[Assigned task] Copy out, from the entries below, each line that holds the string "Apartment".

[Information supplied]
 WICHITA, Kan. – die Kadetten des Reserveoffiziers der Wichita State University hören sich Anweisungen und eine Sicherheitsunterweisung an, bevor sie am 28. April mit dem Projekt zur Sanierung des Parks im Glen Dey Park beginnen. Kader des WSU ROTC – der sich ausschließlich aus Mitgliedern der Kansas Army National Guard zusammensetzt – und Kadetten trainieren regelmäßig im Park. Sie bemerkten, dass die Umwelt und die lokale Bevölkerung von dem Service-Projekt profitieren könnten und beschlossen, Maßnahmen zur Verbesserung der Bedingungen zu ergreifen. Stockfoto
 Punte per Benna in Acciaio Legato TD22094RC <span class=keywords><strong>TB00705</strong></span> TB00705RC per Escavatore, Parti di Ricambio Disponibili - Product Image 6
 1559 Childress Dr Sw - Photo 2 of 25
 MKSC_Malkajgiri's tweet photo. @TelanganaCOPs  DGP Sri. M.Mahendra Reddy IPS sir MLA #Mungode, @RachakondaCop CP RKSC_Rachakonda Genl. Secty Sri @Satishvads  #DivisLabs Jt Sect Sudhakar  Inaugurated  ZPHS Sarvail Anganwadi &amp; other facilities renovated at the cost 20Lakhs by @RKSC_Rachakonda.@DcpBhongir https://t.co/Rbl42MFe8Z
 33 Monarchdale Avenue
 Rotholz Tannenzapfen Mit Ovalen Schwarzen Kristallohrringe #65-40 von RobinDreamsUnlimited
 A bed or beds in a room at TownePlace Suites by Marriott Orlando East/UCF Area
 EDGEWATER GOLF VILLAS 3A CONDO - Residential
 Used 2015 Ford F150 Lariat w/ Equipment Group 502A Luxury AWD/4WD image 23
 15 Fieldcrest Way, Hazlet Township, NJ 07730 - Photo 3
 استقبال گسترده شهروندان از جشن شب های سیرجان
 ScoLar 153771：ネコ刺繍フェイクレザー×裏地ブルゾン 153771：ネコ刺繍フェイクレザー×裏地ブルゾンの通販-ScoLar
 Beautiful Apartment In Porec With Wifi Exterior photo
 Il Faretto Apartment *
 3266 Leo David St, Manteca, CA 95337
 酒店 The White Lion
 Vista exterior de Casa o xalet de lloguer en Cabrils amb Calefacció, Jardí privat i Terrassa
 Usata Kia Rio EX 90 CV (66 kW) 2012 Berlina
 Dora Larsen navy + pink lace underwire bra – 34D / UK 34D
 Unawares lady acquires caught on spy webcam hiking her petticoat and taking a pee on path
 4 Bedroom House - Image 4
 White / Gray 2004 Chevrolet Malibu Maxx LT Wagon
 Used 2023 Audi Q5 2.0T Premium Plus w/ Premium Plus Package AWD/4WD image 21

[Solution to the exercise]
 Beautiful Apartment In Porec With Wifi Exterior photo
 Il Faretto Apartment *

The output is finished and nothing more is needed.